I would suggest, on the contrary, that it’s time to look in the opposite direction, away from the exhausted ideal of national community and toward the small but vigorous civic community that Pastor Saffold is building on Milwaukee’s northwest side. As Bob Woodson has argued so forcefully over the years, there are in fact hundreds of Saffolds in America’s inner cities, working quietly, successfully, and without public acclaim to battle drug abuse, educate children, reclaim teens from gangs, and rebuild neighborhood economies—in other words, to accomplish as small, local civic institutions what government bureaucracies never could.
Throughout our nation faith-based grass-roots leaders are managing—at a time and in places where the bureaucracies of business and government and the mainstream nonprofits have thrown up their hands and fled—to resurrect the institutions and principles of civil society. They are civil society’s trauma specialists—and the true experts on civic renewal.
Yet to our elites, these grass-roots initiatives are invisible, or if visible, dismissed as charismatic exceptions or inspiring but isolated anecdotes. After all, they’re not docile subsidiaries of the larger, “acceptable” nonprofits, but rather scrappy, scruffy, fiercely independent local initiatives, too busy working with the poor to join coalitions against poverty. They are not staffed by credentialed bureaucrats, but by volunteers whose chief credential may be that they themselves have only recently overcome the daunting circumstances of the inner city. They place little faith in the rehabilitative powers of the social sciences, but witness every day the fruits of their faith in the transformative power of God.

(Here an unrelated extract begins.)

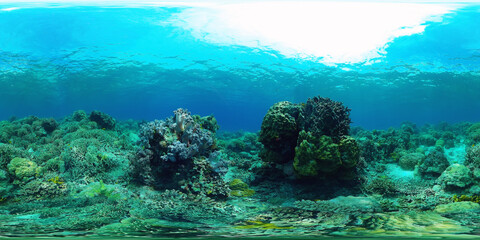 Naklejka na ściany i meble Underwater Scene Coral Reef 360VR. Tropical underwater sea fishes. Virtual tour 360. Panglao, Philippines.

The disdain of elites notwithstanding, we should heed the wisdom of these grass-roots leaders who have, against heavy odds, accomplished the civic revival that we wish for all our communities. We should appreciate them, honor them, celebrate them. We should also highlight the ways in which private and public resources can be redirected to those who have already accomplished so much with virtually no outside help at all. Here the federal government should have a role too—not as grand builder of national community, but as humble servant to the genuine community-builders within our neighborhoods.

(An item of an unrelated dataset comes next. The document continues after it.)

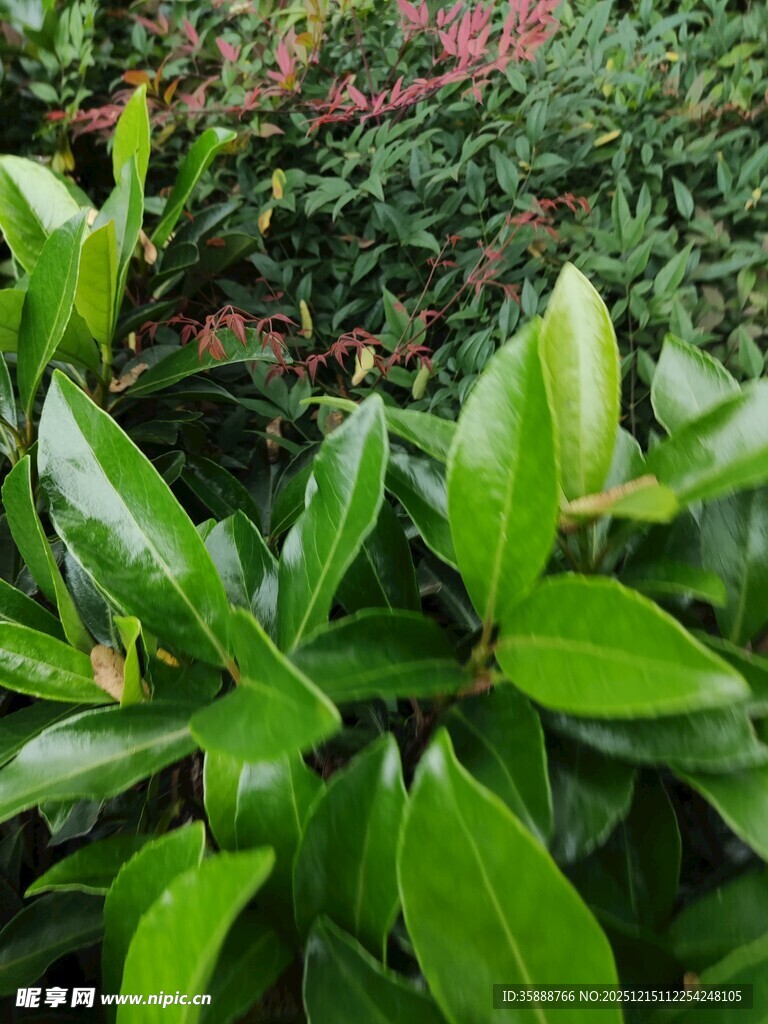 翠绿叶片的生机植物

When the VFW decided a while back to close its hall on Milwaukee’s northwest side, no doubt that retreat of a major national nonprofit was carefully toted up as one more loss on Professor Putnam’s gloomy balance sheet of civil society. When Gerald Saffold once again filled the old hall with joyous music, no doubt that vigorous advance of civic renewal went unrecorded. It is past time to direct our gaze away from the failed project of national community and focus once again on the churches, voluntary associations, and grass-roots groups that are rebuilding America’s civil society one family, one block, one neighborhood at a time.